…or “The rise of the post-purchase survey”
It seems you can’t buy a product or service anymore without receiving a survey about some aspect of it.
I’ve recently done a fair amount of travel, and my email or SMS inbox has been cluttered with pleading survey invites from:
- Holiday Inn
- Mercure
- Sofitel
- Premier Inn
- Eurostar
- Virgin Trains
Usually within 24 hours of you having consumed the service, you get a mithering “Please tell us what you thought” email, which links to a survey.
These organisations must think we have all the time in the world to respond to a load of tedious questioning which, at the end of the day doesn’t capture our personal journey with them at all, despite what they promise.
They can’t read all the survey responses. The data is just rolled up into spreadsheets and charts that help them make (or miss) their “key performance indicators”.
Usually, each survey normally takes around 10 to 15 minutes to complete. That’s 90 minutes of my time that these companies are asking me to give them, for the privilege of buying a service from them.
Yes, I know I don’t have to fill them in, and I’ve largely stopped completing them.
With credit to Holiday Inn, Mercure and Sofitel, they all have a link to “unsubscribe” from receiving future survey invitations. Though I’ll have to see if these actually work. I remain sceptical.
However, this isn’t the case with the last three.

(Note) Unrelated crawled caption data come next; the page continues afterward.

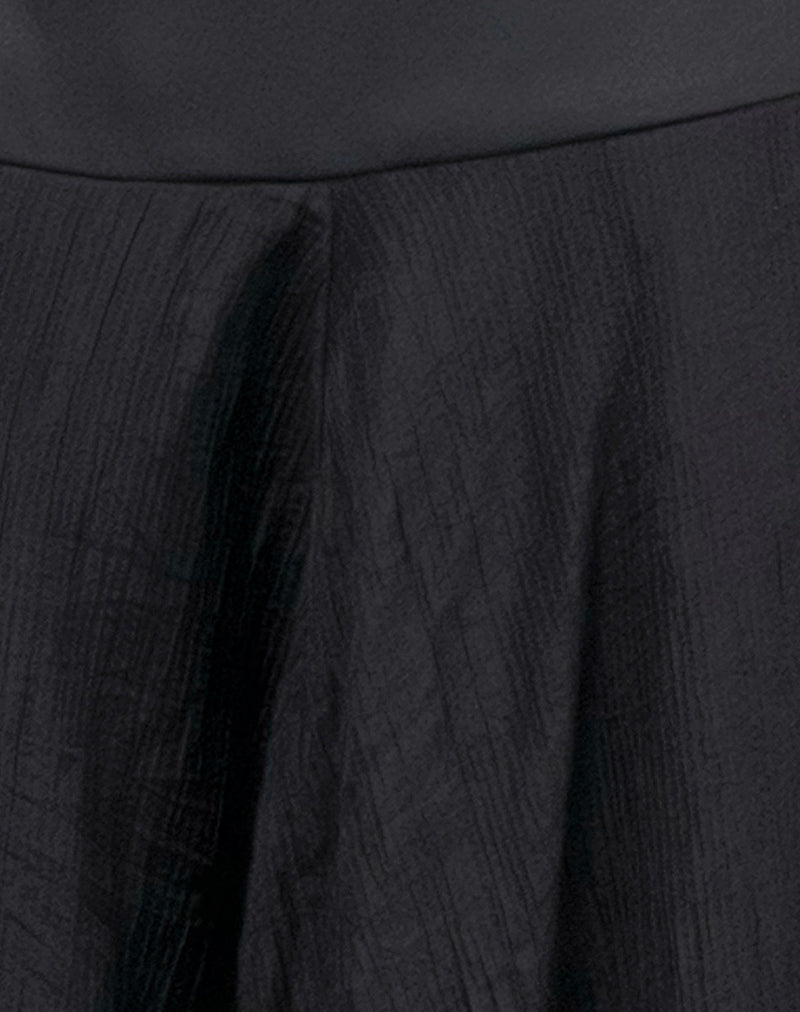 Diera Satin Chiffon Midi Skirt in Black-Nico Sky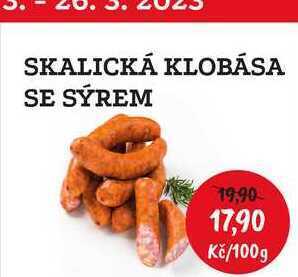RABBIT řeznictví Skalická klobása se sýrem 100g nabídka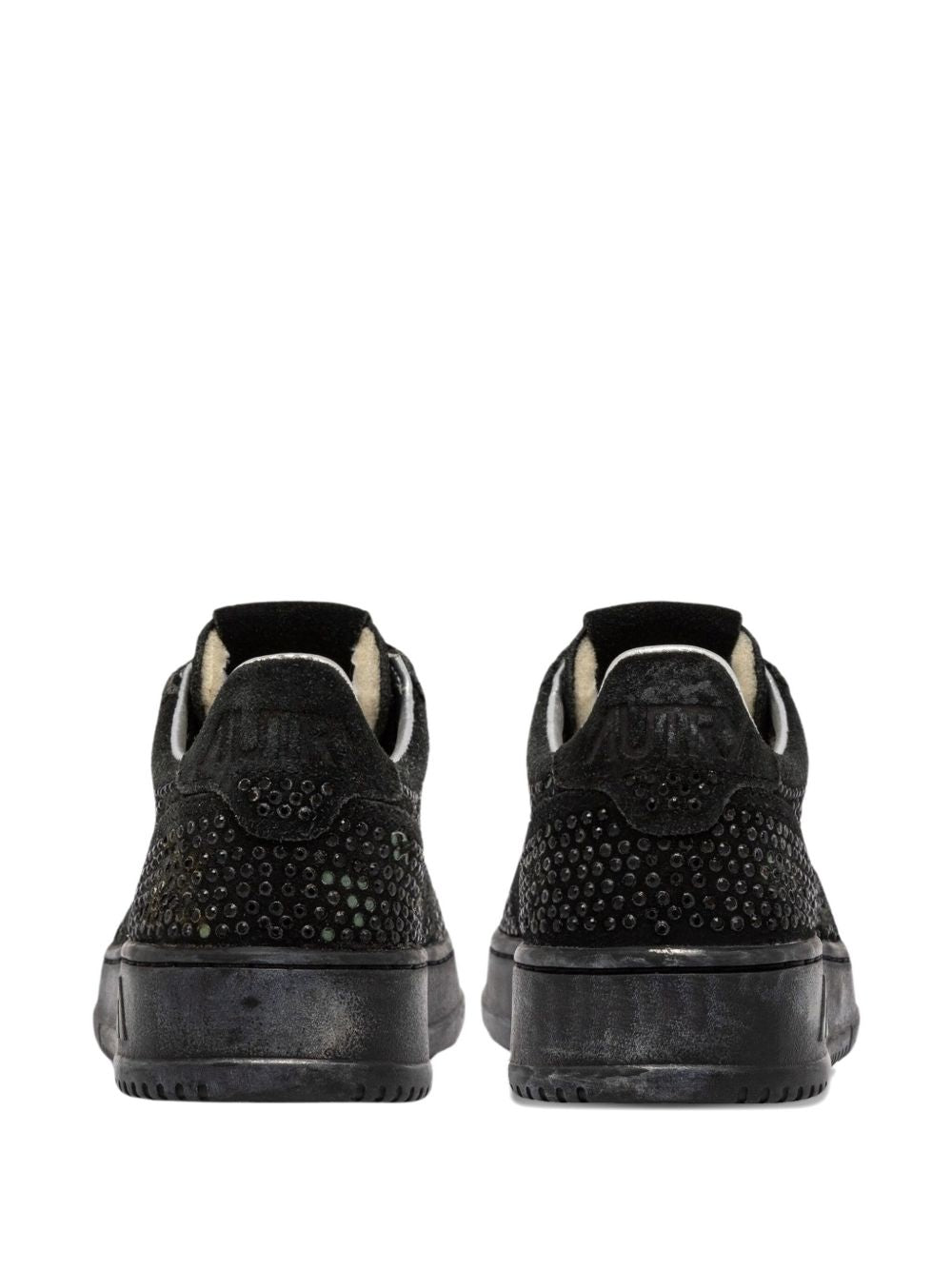 032C Medialist Low Rhinestone-Embellished Suede &amp; Leather Sneakers Black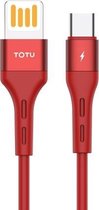 TOTUDESIGN BTA-028 Soft Series 3A Type-C / USB-C siliconen oplaadkabel, lengte: 1m (rood)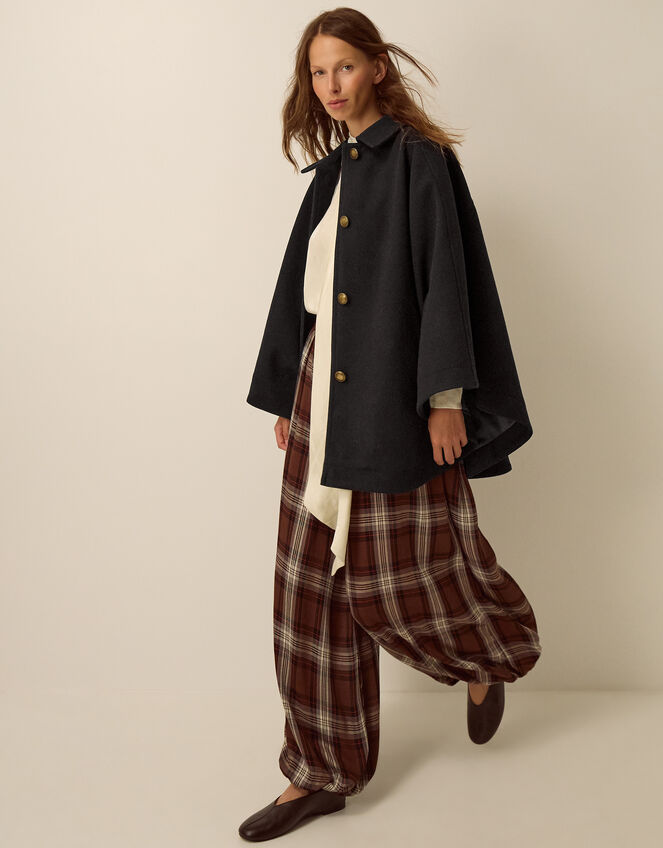 Claudie Cape Coat, Black (BLACK), large
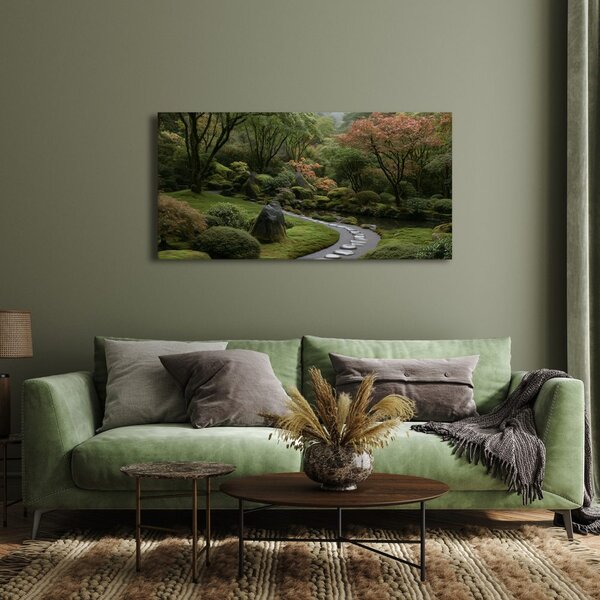 Quadro su tela – Giardino nebbioso con laghetto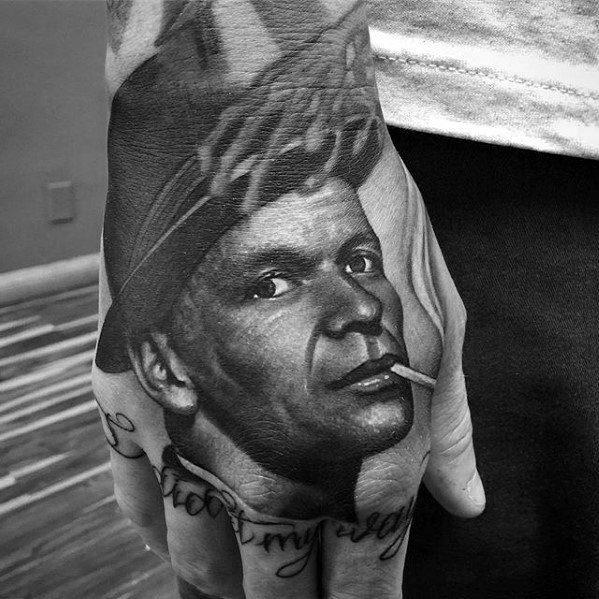 Artistic Male Realistic Hand 3d Frank Sinatra Tattoo Ideas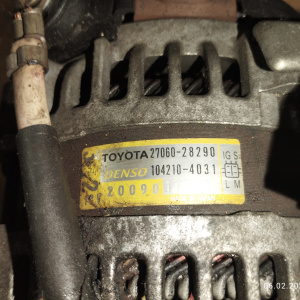 Генератор Toyota 2AZ-FE Alphard/Highlander ANH10/ACU25 4 к пластиковая крышка ( IG/S/L/M ) 130A. 27060-28290/104210-4031/27060-28240/104210-3360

Premier Inn are one of the worst. They send email survey requests with no unsubscribe link. The surveys are long, too. Often 15-30 minutes.
Virgin Trains are slightly better, at least they usually only ask you one question, but I still don’t recall there ever being a way to unsubscribe from their surveys.
Eurostar was just downright baffling. On the way back from Paris, the moment my train left the Channel Tunnel I get this:
Followed by these questions, coming from a completely different number:
The first question, I’d have actually liked to score a “N/A” on, as I didn’t actually interact with any Eurostar staff Gare du Nord at all. There were a lot of them standing around with radios looking like they might be important, and occasionally “hustling” late arrivers through to their train, but that was it.
I already had my ticket. I just scanned it on the turnstile and went through the various border and immigration formalities. They did an okay job of marshalling the queues. One of them sort of stood in my way with his back to me at one point, but I didn’t otherwise talk to them nor really have any need to. That’s why I gave it a 5. Neither impressed nor unimpressed.
The second question is more baffling. They have sent me the question about whether I would recommend Eurostar before my journey is complete. I can’t actually answer it yet, because for all I know the train could yet be delayed, or even explode in an enormous fireball, though I think I’d probably only give them a 1 if the fireball happened.
The third question just confirms my suspicions that no-one really reads this stuff. It’s all just parcelled up into a dull spreadsheet. They must send thousands of these a day, and must at least get a few hundred responses.
They are asking this stuff “because they can”, not because they actually care about our individual experiences. These surveys are just providing a barometer of whether there is an upward or downward trend, whether things are meeting an arbitrary target or not, and at their most cynical, providing a means for fat-cat managers to receive bonuses.
The best way to judge how your business is running is to get out on the shop floor. Actually talk to your customers. Listen to your staff. They are your bell-weather.
Also encourage your customers to give direct feedback, then and there. Hilton have recently done this with a “Make it right” policy which lets customers know that they should make their feelings known then and there to the hotel in question, and give them a chance to deal with any shortcomings in service. It also empowers the hotel operators to take corrective action on the spot.
Compare that to a situation at Premier Inn a few years ago where the disenfranchised and under empowered staff member was “Meh, here’s your money back. Take it up with management if you like. Here’s the URL of the complaints form.”
Finally, what’s more annoying to me with these sorts of surveys is that at the point of purchase, while there is usually a means to opt-out of marketing email, there isn’t a means to opt-out of this sort of mithering, because it isn’t considered “marketing”.
So, here’s what I plan to do, should I respond to these:
Write something totally outrageous in the free form text boxes, along with an invite to contact me if someone has actually read what’s been written. That will at least I might get a feel for how many of these are seen by humans!
Post-script: While I was writing this, I got another survey mither from where I ate on Wednesday night, this time from OpenTable on behalf of @HawksmoorMCR. I’m really surprised by that because it’s so orthogonal to their non-corporate house-style when you go and eat there.